**Aim of the exercise**
Find all lines below containing the string "have" and return them.

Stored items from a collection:
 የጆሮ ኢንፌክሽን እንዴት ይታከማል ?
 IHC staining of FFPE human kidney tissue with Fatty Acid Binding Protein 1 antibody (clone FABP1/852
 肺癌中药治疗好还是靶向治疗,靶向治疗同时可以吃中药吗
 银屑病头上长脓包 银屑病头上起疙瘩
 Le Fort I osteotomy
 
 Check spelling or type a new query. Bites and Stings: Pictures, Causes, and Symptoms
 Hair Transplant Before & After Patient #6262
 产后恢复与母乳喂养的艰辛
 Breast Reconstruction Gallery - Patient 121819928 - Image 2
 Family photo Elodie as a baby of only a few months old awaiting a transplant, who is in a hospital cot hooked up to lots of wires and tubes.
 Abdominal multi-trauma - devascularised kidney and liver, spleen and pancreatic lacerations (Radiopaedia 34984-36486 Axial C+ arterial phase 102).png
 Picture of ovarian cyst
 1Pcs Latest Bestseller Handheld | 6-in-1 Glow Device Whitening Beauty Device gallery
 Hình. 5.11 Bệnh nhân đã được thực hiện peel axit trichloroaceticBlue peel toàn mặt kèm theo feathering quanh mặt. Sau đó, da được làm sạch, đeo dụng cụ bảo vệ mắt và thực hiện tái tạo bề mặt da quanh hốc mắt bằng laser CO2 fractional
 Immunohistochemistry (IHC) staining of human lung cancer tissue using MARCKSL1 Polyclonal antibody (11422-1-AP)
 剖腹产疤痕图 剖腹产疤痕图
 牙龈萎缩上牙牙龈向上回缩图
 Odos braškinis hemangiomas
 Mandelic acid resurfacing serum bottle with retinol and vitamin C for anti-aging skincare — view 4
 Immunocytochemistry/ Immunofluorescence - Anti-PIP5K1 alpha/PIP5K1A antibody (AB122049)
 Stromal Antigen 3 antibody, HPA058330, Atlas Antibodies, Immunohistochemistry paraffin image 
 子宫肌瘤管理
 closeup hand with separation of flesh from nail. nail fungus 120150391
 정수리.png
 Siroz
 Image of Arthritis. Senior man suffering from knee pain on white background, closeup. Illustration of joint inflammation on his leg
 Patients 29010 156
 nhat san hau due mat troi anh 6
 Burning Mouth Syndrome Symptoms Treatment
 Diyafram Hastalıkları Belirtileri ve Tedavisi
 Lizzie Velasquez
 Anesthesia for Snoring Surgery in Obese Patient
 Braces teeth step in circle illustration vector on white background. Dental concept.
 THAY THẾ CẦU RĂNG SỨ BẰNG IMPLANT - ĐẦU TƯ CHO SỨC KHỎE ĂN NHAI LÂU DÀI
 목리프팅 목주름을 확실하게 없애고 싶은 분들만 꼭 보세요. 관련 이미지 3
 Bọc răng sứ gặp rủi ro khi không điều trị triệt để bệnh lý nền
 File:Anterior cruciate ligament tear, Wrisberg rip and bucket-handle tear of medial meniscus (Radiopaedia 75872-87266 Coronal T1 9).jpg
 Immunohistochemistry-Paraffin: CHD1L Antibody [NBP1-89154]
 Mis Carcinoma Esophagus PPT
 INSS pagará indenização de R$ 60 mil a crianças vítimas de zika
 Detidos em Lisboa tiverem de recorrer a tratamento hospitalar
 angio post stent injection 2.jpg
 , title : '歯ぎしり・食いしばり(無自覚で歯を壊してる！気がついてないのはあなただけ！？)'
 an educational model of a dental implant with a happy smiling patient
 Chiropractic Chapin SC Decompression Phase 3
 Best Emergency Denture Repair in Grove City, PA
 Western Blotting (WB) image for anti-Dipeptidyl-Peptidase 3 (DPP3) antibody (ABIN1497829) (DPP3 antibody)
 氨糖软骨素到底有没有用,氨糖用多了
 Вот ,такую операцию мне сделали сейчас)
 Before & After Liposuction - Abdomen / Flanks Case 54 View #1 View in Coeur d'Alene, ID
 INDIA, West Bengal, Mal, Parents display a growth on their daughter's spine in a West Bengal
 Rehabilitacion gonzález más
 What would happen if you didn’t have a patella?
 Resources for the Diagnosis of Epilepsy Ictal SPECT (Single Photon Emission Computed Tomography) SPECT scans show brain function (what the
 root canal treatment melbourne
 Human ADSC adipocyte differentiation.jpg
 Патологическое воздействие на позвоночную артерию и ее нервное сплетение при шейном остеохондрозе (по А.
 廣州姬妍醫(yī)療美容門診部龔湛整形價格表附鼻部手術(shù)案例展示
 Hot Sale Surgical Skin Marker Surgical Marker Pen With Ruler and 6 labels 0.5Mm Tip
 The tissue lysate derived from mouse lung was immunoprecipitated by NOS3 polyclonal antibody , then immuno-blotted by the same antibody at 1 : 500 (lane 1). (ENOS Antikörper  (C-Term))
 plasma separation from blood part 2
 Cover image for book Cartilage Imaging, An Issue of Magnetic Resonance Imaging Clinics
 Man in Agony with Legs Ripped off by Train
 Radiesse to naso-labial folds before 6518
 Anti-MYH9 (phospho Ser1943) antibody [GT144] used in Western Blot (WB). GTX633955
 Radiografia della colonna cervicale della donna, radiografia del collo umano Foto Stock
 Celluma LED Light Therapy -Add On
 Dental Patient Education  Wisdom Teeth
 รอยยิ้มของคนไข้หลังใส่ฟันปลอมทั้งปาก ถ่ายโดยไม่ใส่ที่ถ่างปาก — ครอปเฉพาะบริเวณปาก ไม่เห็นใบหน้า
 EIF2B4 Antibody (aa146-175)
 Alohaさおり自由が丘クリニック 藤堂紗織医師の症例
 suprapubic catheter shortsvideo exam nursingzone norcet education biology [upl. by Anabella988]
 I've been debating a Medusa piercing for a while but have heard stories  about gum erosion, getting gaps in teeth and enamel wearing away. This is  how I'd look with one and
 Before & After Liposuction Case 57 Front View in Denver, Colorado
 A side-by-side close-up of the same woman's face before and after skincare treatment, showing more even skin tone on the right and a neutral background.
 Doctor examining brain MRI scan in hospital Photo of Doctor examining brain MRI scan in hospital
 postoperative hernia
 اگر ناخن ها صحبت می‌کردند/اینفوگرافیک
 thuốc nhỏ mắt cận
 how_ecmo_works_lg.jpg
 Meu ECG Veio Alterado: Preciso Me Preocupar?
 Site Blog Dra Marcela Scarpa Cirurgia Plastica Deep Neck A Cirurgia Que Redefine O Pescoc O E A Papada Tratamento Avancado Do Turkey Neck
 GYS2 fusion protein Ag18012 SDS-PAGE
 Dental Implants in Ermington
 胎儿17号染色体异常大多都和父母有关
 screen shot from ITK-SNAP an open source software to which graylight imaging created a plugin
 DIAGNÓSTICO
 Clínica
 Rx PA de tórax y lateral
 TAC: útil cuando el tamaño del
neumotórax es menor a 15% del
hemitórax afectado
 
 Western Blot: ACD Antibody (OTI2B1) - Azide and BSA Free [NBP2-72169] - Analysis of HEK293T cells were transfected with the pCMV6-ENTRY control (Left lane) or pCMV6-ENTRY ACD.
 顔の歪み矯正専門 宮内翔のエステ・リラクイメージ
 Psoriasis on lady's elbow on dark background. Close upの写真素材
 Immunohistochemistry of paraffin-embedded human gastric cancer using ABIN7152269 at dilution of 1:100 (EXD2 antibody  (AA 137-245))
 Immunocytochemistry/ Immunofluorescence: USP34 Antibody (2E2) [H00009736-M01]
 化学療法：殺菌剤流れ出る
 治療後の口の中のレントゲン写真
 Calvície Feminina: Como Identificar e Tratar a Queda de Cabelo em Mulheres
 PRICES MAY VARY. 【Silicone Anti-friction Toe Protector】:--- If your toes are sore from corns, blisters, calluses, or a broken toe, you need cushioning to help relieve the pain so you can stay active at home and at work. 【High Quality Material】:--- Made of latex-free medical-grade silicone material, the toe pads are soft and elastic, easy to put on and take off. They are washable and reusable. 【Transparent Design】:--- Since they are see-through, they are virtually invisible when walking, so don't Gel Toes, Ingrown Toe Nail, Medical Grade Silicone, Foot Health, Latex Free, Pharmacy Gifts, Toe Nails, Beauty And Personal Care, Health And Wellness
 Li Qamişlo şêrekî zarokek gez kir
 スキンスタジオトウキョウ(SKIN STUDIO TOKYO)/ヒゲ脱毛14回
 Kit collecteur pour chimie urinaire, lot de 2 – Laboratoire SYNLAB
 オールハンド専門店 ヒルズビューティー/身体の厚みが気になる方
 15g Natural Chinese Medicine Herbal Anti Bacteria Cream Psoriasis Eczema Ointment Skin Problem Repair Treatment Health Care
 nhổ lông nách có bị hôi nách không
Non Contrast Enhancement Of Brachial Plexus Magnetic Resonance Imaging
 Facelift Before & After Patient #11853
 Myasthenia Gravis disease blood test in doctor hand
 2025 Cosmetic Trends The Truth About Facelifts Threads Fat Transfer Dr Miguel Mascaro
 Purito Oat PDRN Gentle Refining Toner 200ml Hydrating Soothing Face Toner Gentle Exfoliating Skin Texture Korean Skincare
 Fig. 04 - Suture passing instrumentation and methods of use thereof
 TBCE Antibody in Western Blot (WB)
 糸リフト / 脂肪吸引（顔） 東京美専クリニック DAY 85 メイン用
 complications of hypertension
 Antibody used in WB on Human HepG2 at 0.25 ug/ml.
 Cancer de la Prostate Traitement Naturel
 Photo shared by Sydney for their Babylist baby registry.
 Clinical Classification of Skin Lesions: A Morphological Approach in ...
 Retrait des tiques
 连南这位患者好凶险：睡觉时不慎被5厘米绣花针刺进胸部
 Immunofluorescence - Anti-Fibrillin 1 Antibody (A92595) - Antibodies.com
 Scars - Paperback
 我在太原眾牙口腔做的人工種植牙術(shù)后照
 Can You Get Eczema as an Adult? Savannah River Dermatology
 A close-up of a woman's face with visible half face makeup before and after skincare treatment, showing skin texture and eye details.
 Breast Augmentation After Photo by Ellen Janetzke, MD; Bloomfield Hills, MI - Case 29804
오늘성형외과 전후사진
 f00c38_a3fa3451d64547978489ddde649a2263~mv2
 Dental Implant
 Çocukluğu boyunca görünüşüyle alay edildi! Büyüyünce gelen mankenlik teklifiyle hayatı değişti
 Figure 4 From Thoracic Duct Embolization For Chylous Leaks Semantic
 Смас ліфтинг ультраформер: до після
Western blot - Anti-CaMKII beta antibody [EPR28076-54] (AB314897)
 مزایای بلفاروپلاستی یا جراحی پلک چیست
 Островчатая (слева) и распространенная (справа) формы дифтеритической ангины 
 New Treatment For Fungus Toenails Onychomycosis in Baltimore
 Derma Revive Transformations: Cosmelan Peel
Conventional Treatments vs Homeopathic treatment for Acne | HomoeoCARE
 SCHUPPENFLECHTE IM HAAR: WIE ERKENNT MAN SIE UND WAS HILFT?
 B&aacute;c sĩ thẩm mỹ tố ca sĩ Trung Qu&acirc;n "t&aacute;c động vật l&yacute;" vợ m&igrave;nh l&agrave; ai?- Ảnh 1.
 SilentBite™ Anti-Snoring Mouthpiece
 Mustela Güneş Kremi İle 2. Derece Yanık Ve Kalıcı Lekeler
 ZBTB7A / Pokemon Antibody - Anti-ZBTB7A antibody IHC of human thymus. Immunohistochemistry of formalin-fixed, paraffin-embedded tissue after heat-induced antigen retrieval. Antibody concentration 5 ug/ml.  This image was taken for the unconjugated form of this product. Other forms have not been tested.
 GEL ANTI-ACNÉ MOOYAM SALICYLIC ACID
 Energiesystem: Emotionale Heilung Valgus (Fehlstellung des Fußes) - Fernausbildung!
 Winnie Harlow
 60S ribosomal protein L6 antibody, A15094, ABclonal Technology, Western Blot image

**Expected output**
 What would happen if you didn’t have a patella?
 I've been debating a Medusa piercing for a while but have heard stories  about gum erosion, getting gaps in teeth and enamel wearing away. This is  how I'd look with one and
 ZBTB7A / Pokemon Antibody - Anti-ZBTB7A antibody IHC of human thymus. Immunohistochemistry of formalin-fixed, paraffin-embedded tissue after heat-induced antigen retrieval. Antibody concentration 5 ug/ml.  This image was taken for the unconjugated form of this product. Other forms have not been tested.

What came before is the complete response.